Material properties are essentially process-induced and the scientific penetration of the influence of process parameters on material properties is an important aspect for the elucidation of process-structure-property relationships. For this superordinate research and development focus at the chair, the "Processes" research group produces hybrid composites and material composites using innovative processes and monitors them online using adapted sensor technology. The comparatively higher material costs of hybrid materials continue to require new, efficient manufacturing processes that make the best possible use of the material potential.
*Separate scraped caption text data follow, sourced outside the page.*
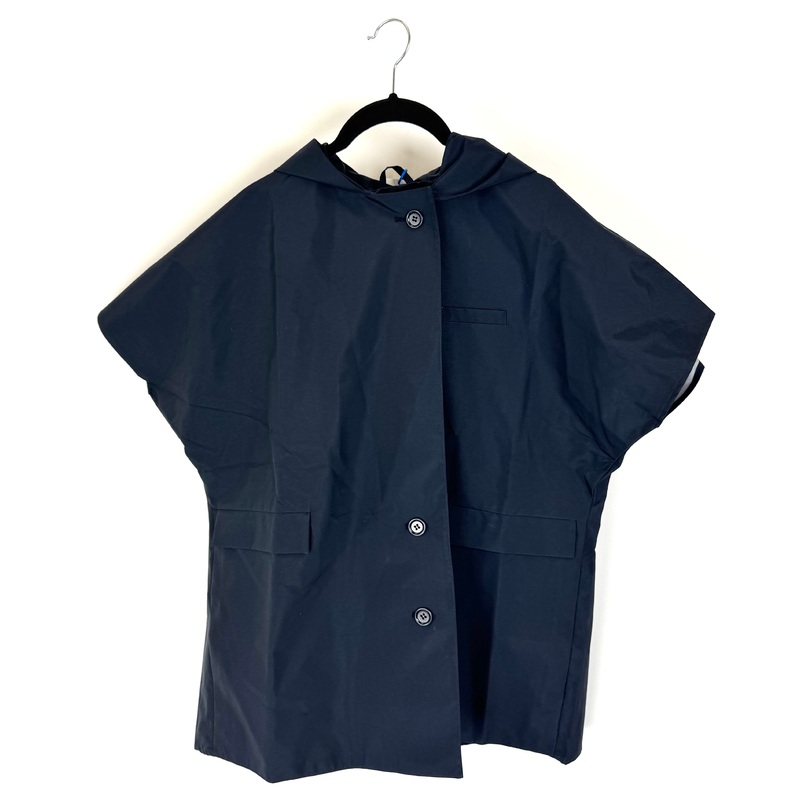 Navy Short Sleeve Raincoat – Size 6 – 10 Medium (Size 4)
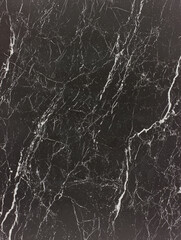 Dark marble texture; black background with white veining.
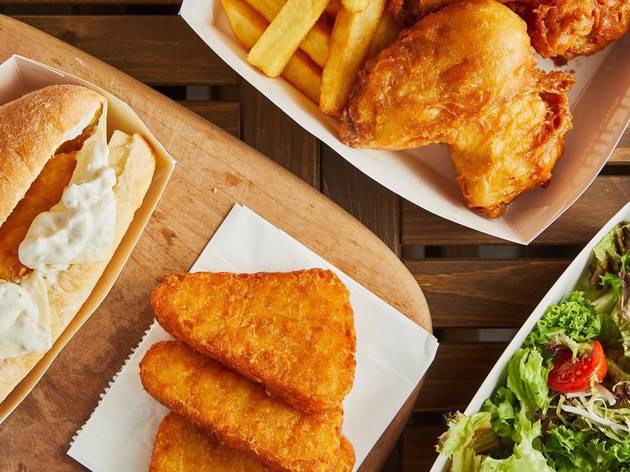 Chip In Fish & Chips fish & chips, British, Hong Kong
For a further development and combination of different classes of materials, the research group is working on the development of new production routes for the manufacture of hybrid materials, i.e. polymer/metal/ceramic-based composites and material composites. Special attention is paid to the implementation of processes that allow in-situ hybridization - thus eliminating the need for subsequent joining operations. To realize such routes, special attention must be paid to the adapted interface design (realized e.g. by laser structuring): On the one hand, this allows an optimal adhesion between the hybrid partners and, on the other hand, in terms of sustainability, the removal of the hybrid at the end of its life cycle - for example, via "switchable" interfaces - can be achieved.
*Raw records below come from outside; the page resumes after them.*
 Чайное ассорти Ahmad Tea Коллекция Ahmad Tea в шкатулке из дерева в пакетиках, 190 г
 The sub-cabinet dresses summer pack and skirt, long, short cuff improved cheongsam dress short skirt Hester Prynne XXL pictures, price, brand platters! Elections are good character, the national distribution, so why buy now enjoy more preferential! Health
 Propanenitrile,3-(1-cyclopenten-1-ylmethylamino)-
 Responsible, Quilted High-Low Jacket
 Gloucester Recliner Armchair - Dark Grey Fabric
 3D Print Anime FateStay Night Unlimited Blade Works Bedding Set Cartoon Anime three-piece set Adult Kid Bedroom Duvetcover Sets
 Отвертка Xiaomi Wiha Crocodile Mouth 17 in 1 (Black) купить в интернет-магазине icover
The processes themselves, on the other hand, should be capable of series production and recycling, which is why duromer and thermoplastic-based injection moulding in particular form the basis for the research activities. At the same time, a combination with generative manufacturing processes in the field of preforming or with metallic inserts is conceivable here, leading to further optimisation of material utilisation. Last but not least, these processes also allow secondary raw materials to be returned to the end product and thus, in some cases, the materials can be recycled. In this context, the research group cooperates closely with other chairs at MRM and also with non-university research institutes.
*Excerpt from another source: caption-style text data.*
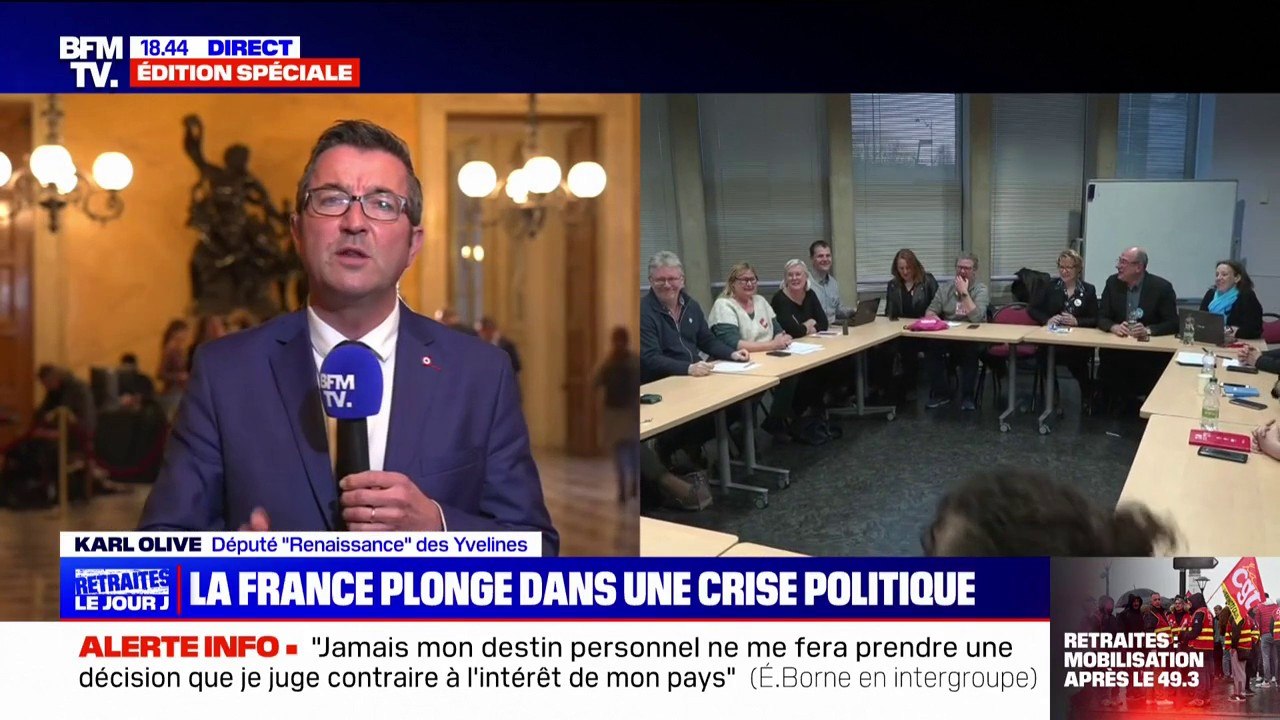 Karl Olive: "Ces LR qui n'ont pas voulu voter, qu'ils aillent voter cette motion de censure avec le RN et la Nupes"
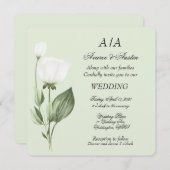 Invitation Mariage de printemps des Tulipes blanches (Devant / Derrière)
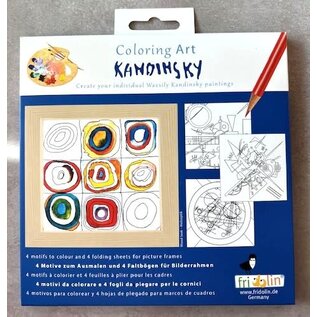 Coloring Art - Kandinsky - 4 Kleurplaten met kader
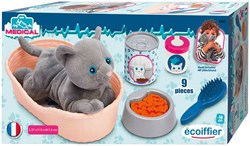 Ecoiffier cuddly cat cat basket playset - cat toy 9-piece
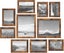 SONGMICS Collage Picture Frames (Pack of 10) - Rustic Brown Carousel 1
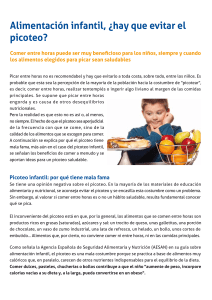 Alimentación infantil, ¿hay que evitar el picoteo? Comer entre horas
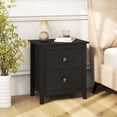 thumbnail image 4 of Gymax 2PCS Modern Nightstand w/ Storage 2 Drawers & Support Legs for Bedroom White, 4 of 10
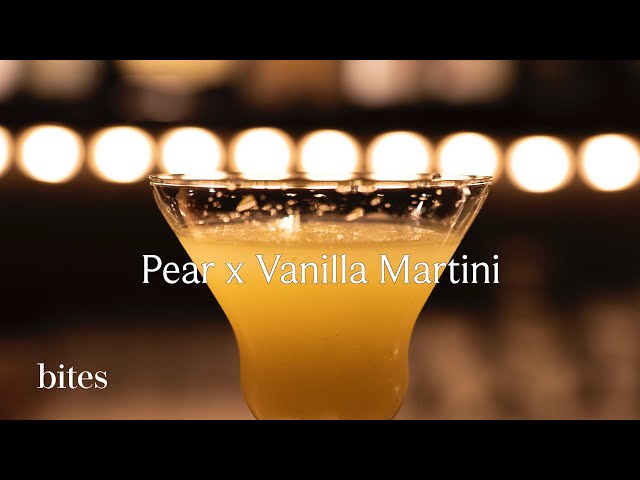 Pear x Vanilla Martini / 洋梨とバニラのマティーニ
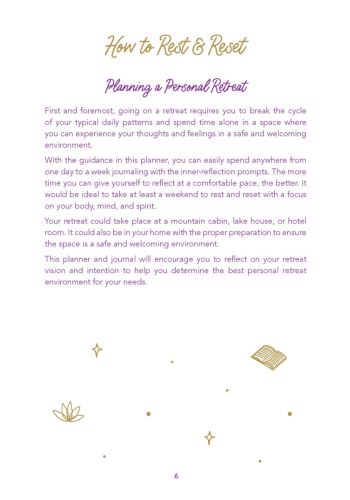 Sacred Rest & Reset Retreat Journal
Another research focus is the generation of interpenetration materials, e.g. by means of gas pressure infiltration. Therefore, the gas pressure infiltration technology has been set up and put into operation at our chair for this purpose (see picture on the right). At up to 800 °C and 80 bar pressure, previously evacuated hollow structures, such as highly porous ceramic foams, can be infiltrated. As a result, the classic division into matrix and reinforcement no longer applies to this material class of interpenetrating composites, since the materials involved penetrate each other completely. At the moment, the focus is still on metal-based systems, but here, too, the plastics processing methods mentioned offer great potential.